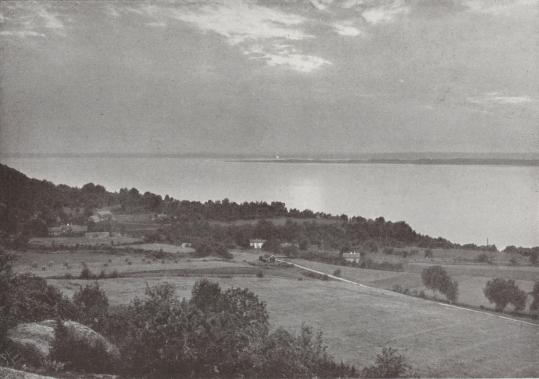 Oscar Halldin foto.<bLANDSVÄGEN FRÅN ÖDESHÖG TILL JÖNKÖPING GÅR FRAM GENOM DEN BÖRDIGA<bGRÄNNABYGDEN, SMÅLAND.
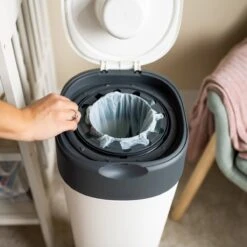 Tommee Tippee Twist & Click XL-luieremmer - Voor Maximaal 60 Luiers - Milieuvriendelijker Systeem - 1 Navulcassette - Duurzaam Geproduceerde Antibacteriële GREENFILM -Peuterpaleis Winkel 1200x1200 791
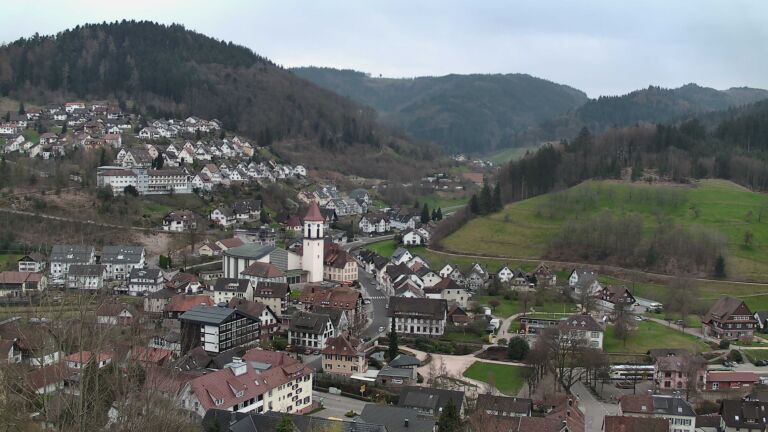 Dieses Bild zeigt eine Webcam-Aufnahme von Ottenhöfen, aufgenommen am Samstag, den 21.03.2026 um 17:40 Uhr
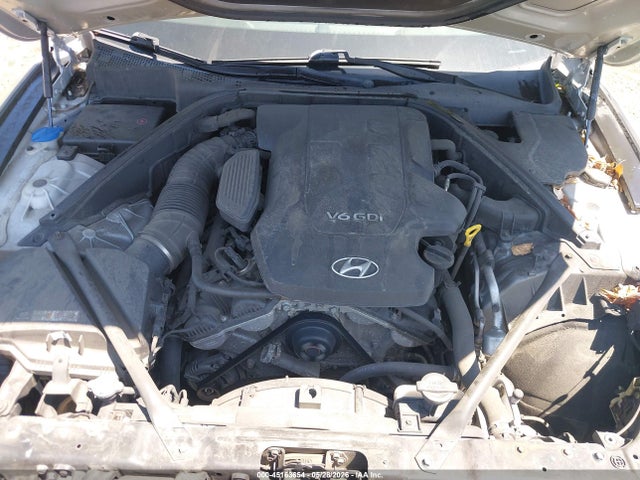 Hyundai Genesis 3.8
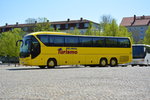 Dieser Neoplan Tourliner mit dem Kennzeichen 6S2-2276 hat sein Ziel erreicht. Aufgenommen am 05.05.2016, Potsdam Bassinplatz.
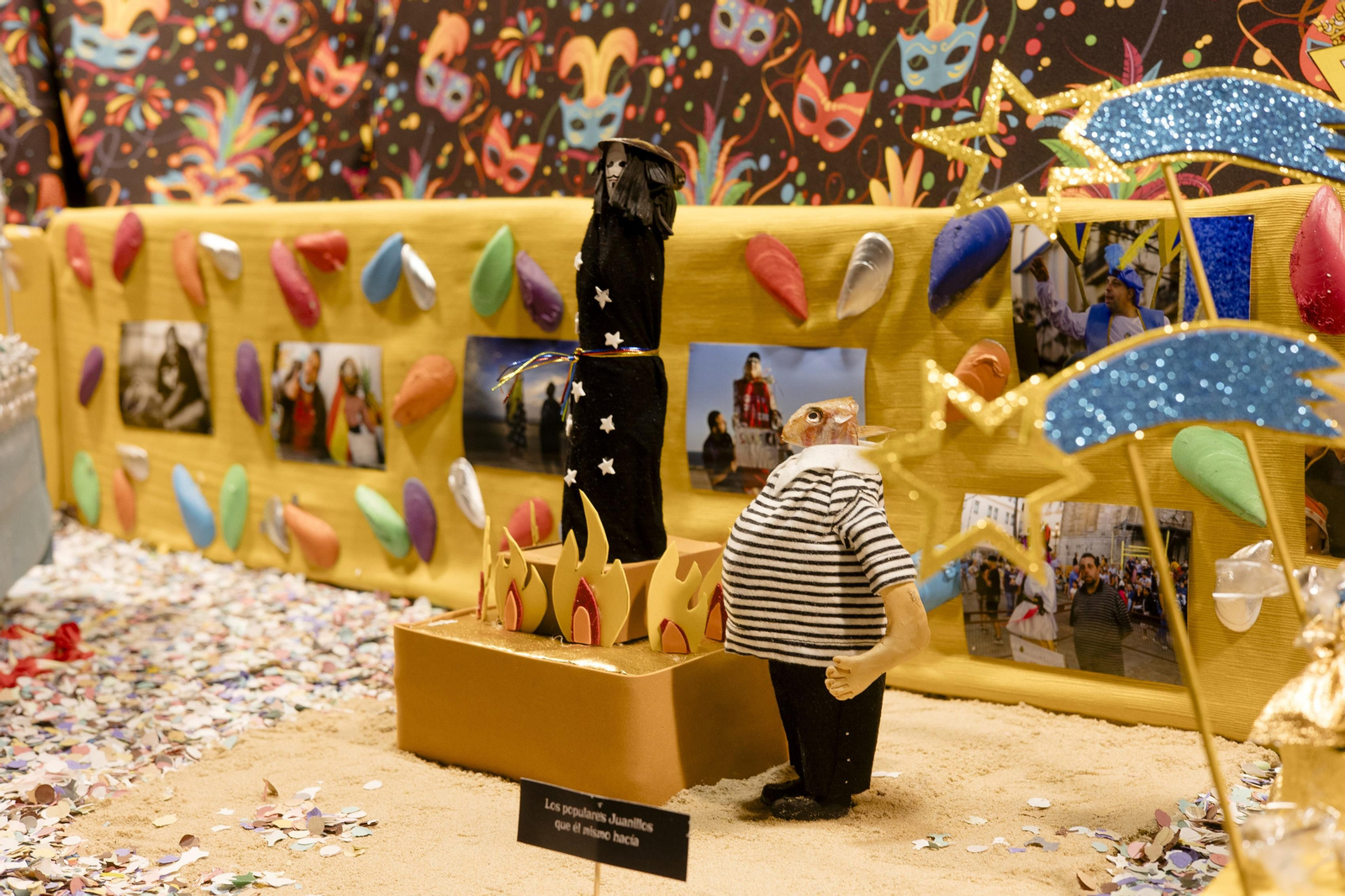 Las imágenes de la fiesta de los Tosantos en el Mercado Central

□ □ □ □

» Exercise directions
Everything in the entries above should be written out again exactly, except the images.

» Completed exercise
 Oscar Halldin foto.<bLANDSVÄGEN FRÅN ÖDESHÖG TILL JÖNKÖPING GÅR FRAM GENOM DEN BÖRDIGA<bGRÄNNABYGDEN, SMÅLAND.
 Tommee Tippee Twist & Click XL-luieremmer - Voor Maximaal 60 Luiers - Milieuvriendelijker Systeem - 1 Navulcassette - Duurzaam Geproduceerde Antibacteriële GREENFILM -Peuterpaleis Winkel 1200x1200 791
 Dieses Bild zeigt eine Webcam-Aufnahme von Ottenhöfen, aufgenommen am Samstag, den 21.03.2026 um 17:40 Uhr
 Hyundai Genesis 3.8
 Dieser Neoplan Tourliner mit dem Kennzeichen 6S2-2276 hat sein Ziel erreicht. Aufgenommen am 05.05.2016, Potsdam Bassinplatz.
 Las imágenes de la fiesta de los Tosantos en el Mercado Central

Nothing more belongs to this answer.